Matt Theriault: Hey, Rockstar. If you have a question here for Tim, that you’d like him to answer on this show, anything tax related, anything asset protection related, go to taxhacker.com/questions. Post your question in there and we’ll answer live, right here on Tax Hacker Tuesday. Enjoy the show.

Speaker 1: This is Theriault Media. Did you know that up to 50% of your lifetime income will be wiped out by taxes? What if you could stop this madness? Isn’t it about time you play on a level playing field with the wealthiest 1%? Now you can. Tim Berry, attorney at law, shares here, each and every week, current tax-exempt strategies that anyone can implement to hack the tax code. Protect your assets and keep what’s rightfully yours. It’s time for Tax Hacker Tuesday.

Bernie Gartland: Hey. I want to talk about four concepts.

Tim Berry: Okay.

Bernie: First concept, year-end tax planning. Estate planning. Charitable gifts.

Tim: Mm-hmm (affirmative)-

Bernie: And, gifts to your children.

Tim: Mm-hmm (affirmative)-

Bernie: Can you speak intelligently on all of those.

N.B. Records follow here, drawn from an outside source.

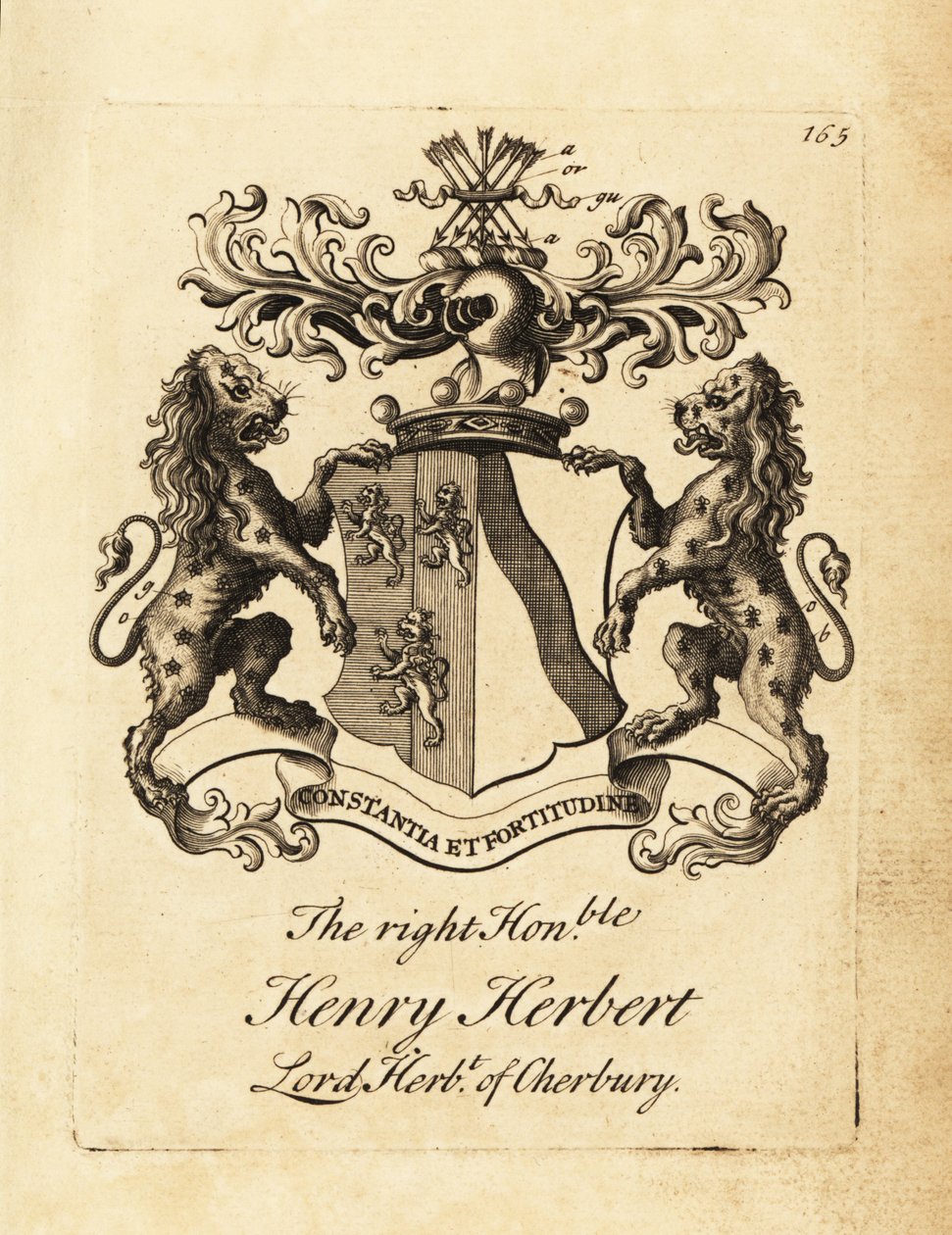 Stemma del Onorevole Henry Herbert, Lord Herbert di Cherbury, Barone Herbert di Cherbury (o Chirbury) da Andrew Johnston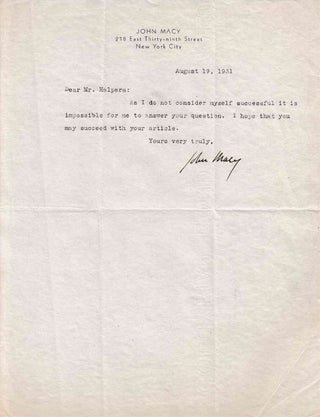 Item #310605 Typed letter signed "John Macy" (John Albert Macy) to "Mr. Halpern" (Seymour...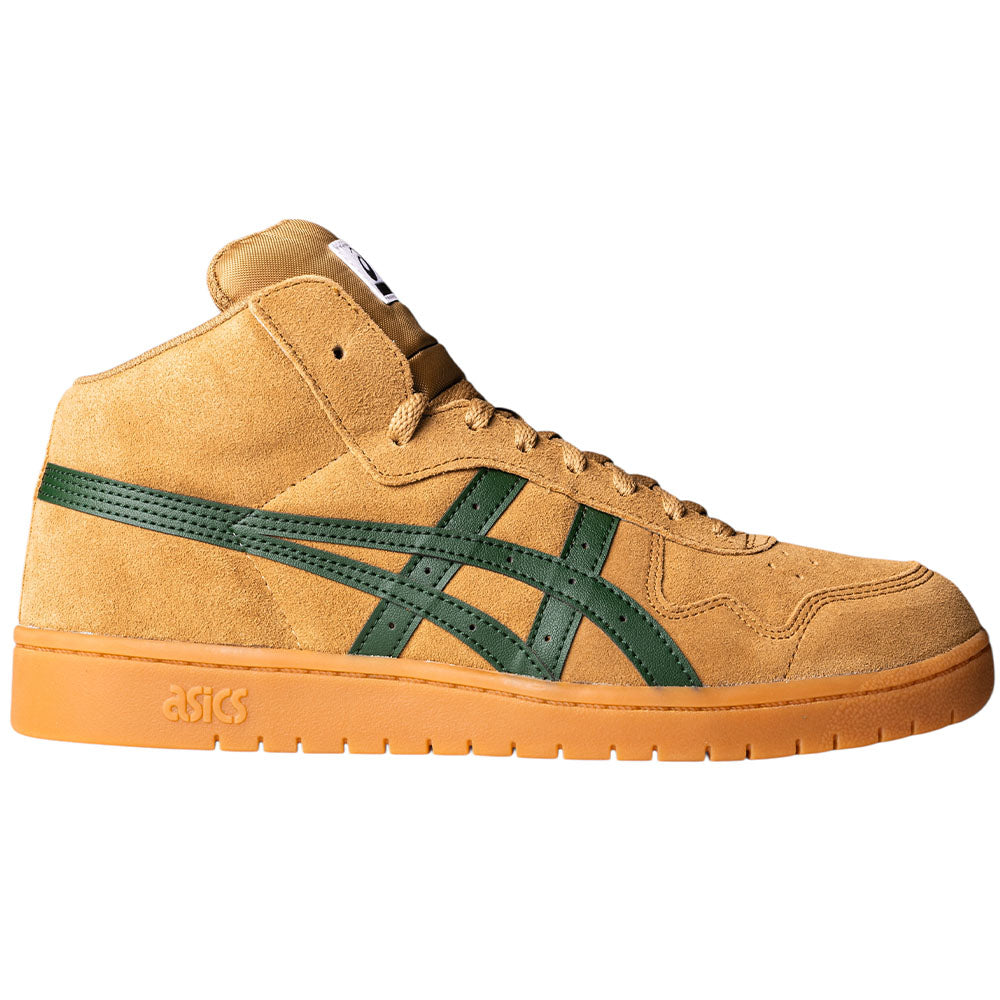 The Japan Pro MT Asics Walnut Forest Night 1201B033200 suede skateboarding shoe features a tan high-top design with green Asics stripes and a light brown rubber sole, shown from the side on a white background.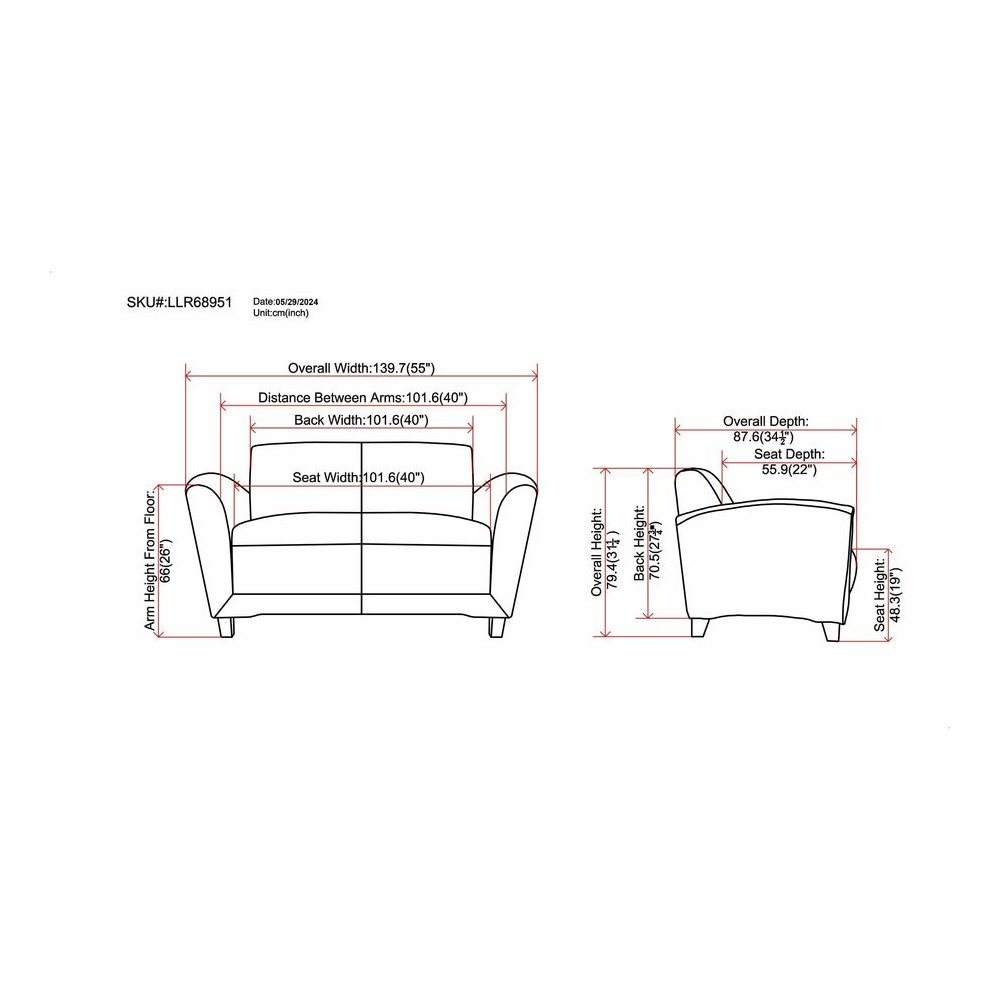 Lorell Accession Reception Loveseat - 55" x 34.5" x 31.3" Overall Dimension - Leather Black Seat - Leather Black Back - 1 Each. Picture 9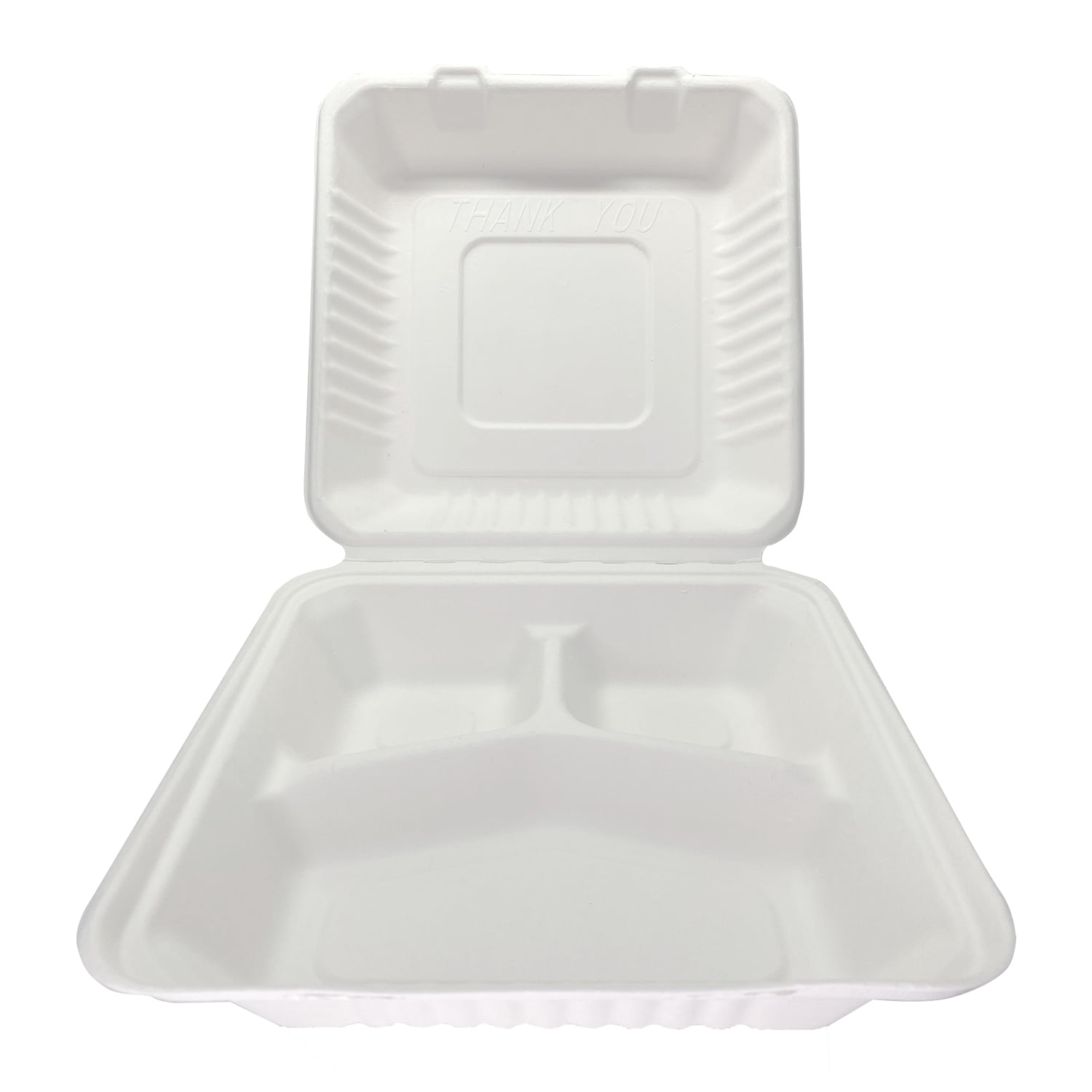 GreenSmart Compostable Paper Square Container 3 Pockets, Clamshell Lid Box Container, 9 in x 9 in, White, 20 Count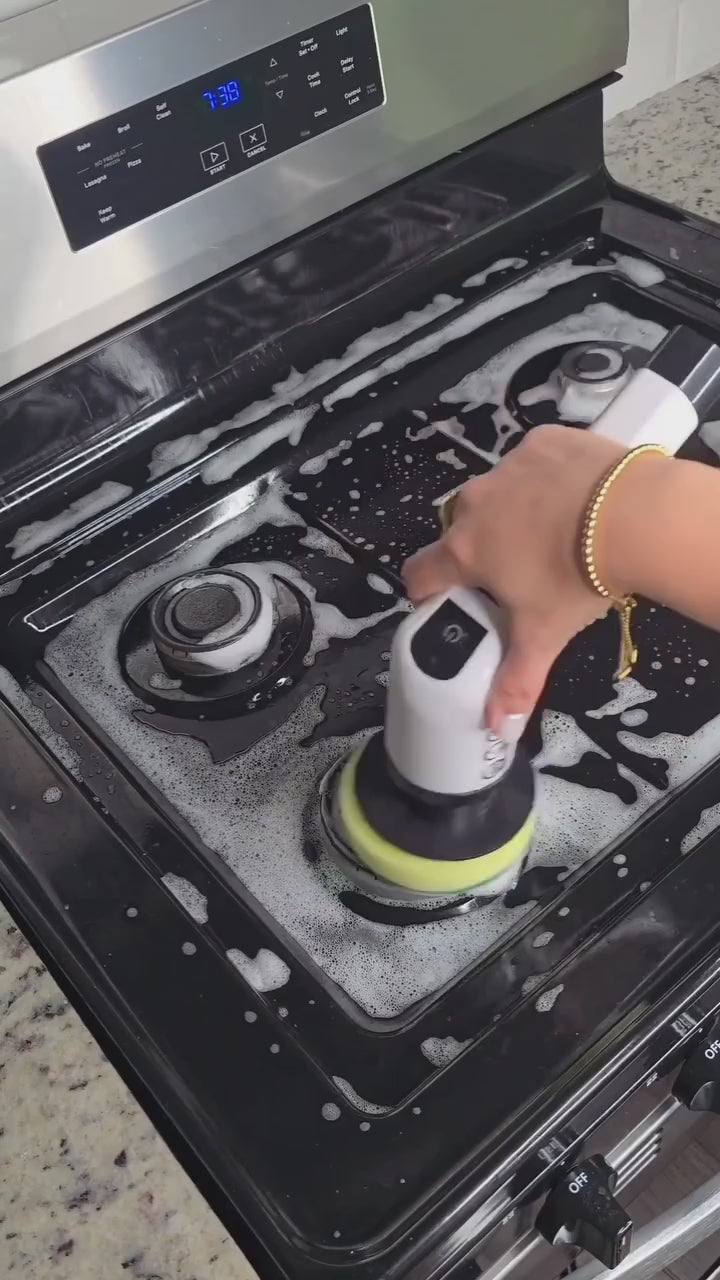 Electric 360° Power Scrubber (8 Brush Heads + Extendable Arm)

Tim: Sure. They’re all the same concept really. At the end of the day, they’re pretty much the exact same thing. What Bernie’s talking about is December 31st is looming large. It’s coming up really fast, and in order for you to make completed gifts for either the tax donations for a charitable contribution or the gift tax savings for the kids, you’ve got to make those gifts completed by December 31st. Is that what you were talking about, Sir?

Bernie: That’s what I was talking about.

Tim: Okay. Why would somebody want to make a gift to charity, for example? Besides helping out their favorite charitable cause?

Bernie: Let me see what … Tax deduction be appropriate?

Tim: A tax deduction.

Bernie: Yeah.

Tim: You can create all sorts of tax deductions by making the charitable contributions, but here’s the big thing, Bernie. The other day what were we talking about the key thing for people to do whenever they’re making charitable contributions?

Bernie: To make sure that they get the charitable tax deduction and the other people get the tax consequences.

Tim: Very profound. To make sure the individual giving the gift, gets the tax deduction and the other people get the tax consequences. What’s Bernie mean by that? Am I going to translate, or are you going to explain it?

Bernie: What do I mean?

Tim: Well, here’s the thing-

Bernie: Let me ask you a question.

Tim: Yeah.

Bernie: If I have $100,000.00 in stock, and my bases that I paid for it is $50,000.00, I could sell that stock and then I could give that $100,000.00 to the charity. Is there a better way to do it than that?

Tim: Yeah, because if you sell that stock, you’re going to have a tax hit of probably about $7500.00, roughly. Depends on different situations, but let’s say that’s going to cost you $7500.00 in taxes, if instead you just give the stock itself directly to the charity, you don’t get hit with a tax bill. The charity, the non-profit, the tax-exempt entity, gets hit with the tax bill, and since it’s tax-exempt it doesn’t have to pay taxes. And you still get the same $100,000.00 deduction. That’s the better way to give to a charity, is by giving appreciated assets to your favorite charity.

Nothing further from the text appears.